I was back in England well in time for the melancholy June Election. Ever since the first general election for which I was eligible to vote, in 1935, I have cast my vote for Labour, but on this occasion I switched to the SDP. I was influenced by the dissensions in the Labour Party, by the unhappy results of its adoption of the practice of reselecting its Parliamentary candidates, and by its growing insularity: but I also hoped that the SDP would at least succeed in depriving the odious Conservatives of their overall majority. I still think that it might have done so, if the diplomatic ineptitude of the Foreign Office and the absurd bravura of the Argentine military government had not given Mrs Thatcher the opportunity of re-awakening British jingoism. It is no good complaining that our electoral system is unfair and undemocratic. Its effects have first to be overcome before it can be changed.
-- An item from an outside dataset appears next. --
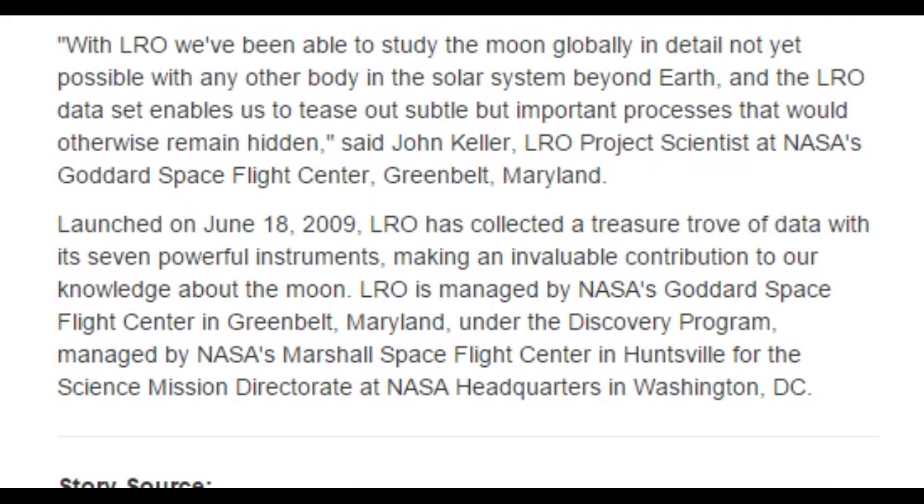With LRO, we've been able to study the moon globally in detail, not yet possible with any other body in the solar system beyond Earth. The LRO data set enables us to tease out subtle but important processes that would otherwise remain hidden. I only read the first letter of all those acronyms because I was feeling a little lazy — this article has been long and I'm all scienced out.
My attitude in respect of the current politics of this country is despondent. In some ways I wish that the present government were more Conservative than it is. Old-fashioned Conservatives at least had some sense of social responsibility. Their successors’ belief in the maxim of ‘the devil take the hindmost’ reproduces the least attractive aspect of 19th-century Manchester liberalism. If I still hope for their overthrow, it is because I find it hard to believe that a government can survive with so bad a record, but where is the replacement to come from? There has been no cementing of the alliance between the SDP and the Liberals; the SDP itself appears to have lost its original élan, and the Labour Party, under its new leadership, shows no signs of being able to broaden its appeal.

In the intervals of working throughout the summer, I went to watch cricket at Lord’s. I have been a supporter of Middlesex since I was nine years old and was grieved by their failure to win the County Championship, when they had seemed to have made it secure. More recently I have been troubled by the inconsistency of the Spurs, though they have the makings of a very good side. I even have a vision of their winning the League Championship for only the third time in their history.

Now I must start trying to honour my contract with Lord Weidenfeld to write a short book about Wittgenstein. As if enough books about Wittgenstein had not been written already.